1.2 Form of Consideration. On the Closing Date, EW shall deliver an
executed Forbearance Agreement to the Company for the Common Shares to be issued
to it at the Closing,
and the Company shall deliver to EW a certificate registered in the name of EW
representing the Common Shares, upon satisfaction of the applicable Closing
conditions as of the Closing Date as set forth in Articles V and VI herein.

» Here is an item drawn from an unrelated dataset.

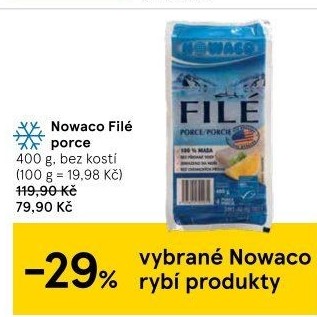 Rybí filé bez kosti mražené Nowaco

1.3 Closing. The Closing will take place at the offices of Xxxxxx, Xxxxx &
Xxxxxxx LLP, 000 Xxxx Xxxxxx, Xxx Xxxx, Xxx Xxxx 00000, or at such other place
as the Company and EW mutually agree.
ARTICLE II
EW'S REPRESENTATIONS AND WARRANTIES
EW represents and warrants to the Company as of the date hereof solely with
respect to itself and its purchase hereunder, as set forth in this Article II:
1.4 Investment Purpose. EW is receiving the Common Shares for EW's own
account for investment only and not with a view toward or in connection with the
public sale or distribution thereof in violation of the applicable securities
laws. EW will not, directly or indirectly, offer, sell, pledge or otherwise
transfer the Common Shares or any interest therein except pursuant to
transactions that are exempt from the registration requirements of the
Securities Act and/or sales registered under the Securities Act, the rules and
regulations promulgated pursuant thereto and applicable state securities laws.

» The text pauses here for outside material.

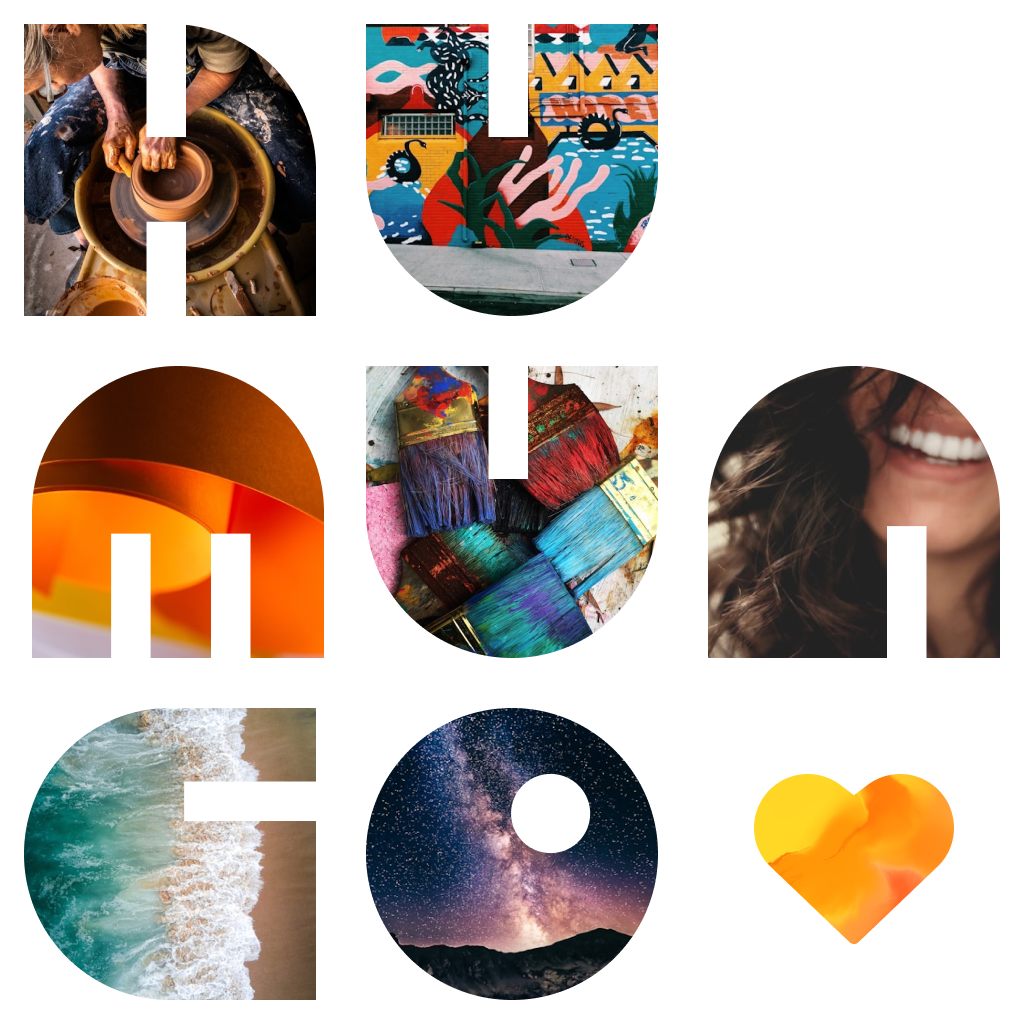 The word Humunco spelled with photographs of art, craft, and nature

EW understands that it must bear the economic risk of this investment until the
Common Shares are registered as contemplated by the Forbearance Agreement
pursuant to the Securities Act and any applicable state securities laws or an
exemption from such registration is available.
1.5 Accredited Investor Status. EW is an "accredited investor" as that
term is defined in Rule 501(a) of Regulation D under the Securities Act.
1.6 Information. EW and its advisors, if any, have been furnished with all
materials relating to the business, finances and operations of the Company and
materials relating to the offer and sale of the Common Shares which have been
requested by EW, including all SEC Documents (as defined below). EW and its
advisors, if any, have been afforded the opportunity to review materials and to
ask questions of the Company. EW understands that its investment in the Common
Shares involves a high degree of risk including the risks and uncertainties
disclosed in the SEC Documents. EW has sought such accounting, legal and tax
advice as it has considered necessary to make an informed investment decision
with respect to its acquisition of the Common Shares.
1.7 Governmental Review. EW understands that no United States federal or
state agency or any other government or governmental agency has passed upon or
made any recommendation or endorsement of the Common Shares.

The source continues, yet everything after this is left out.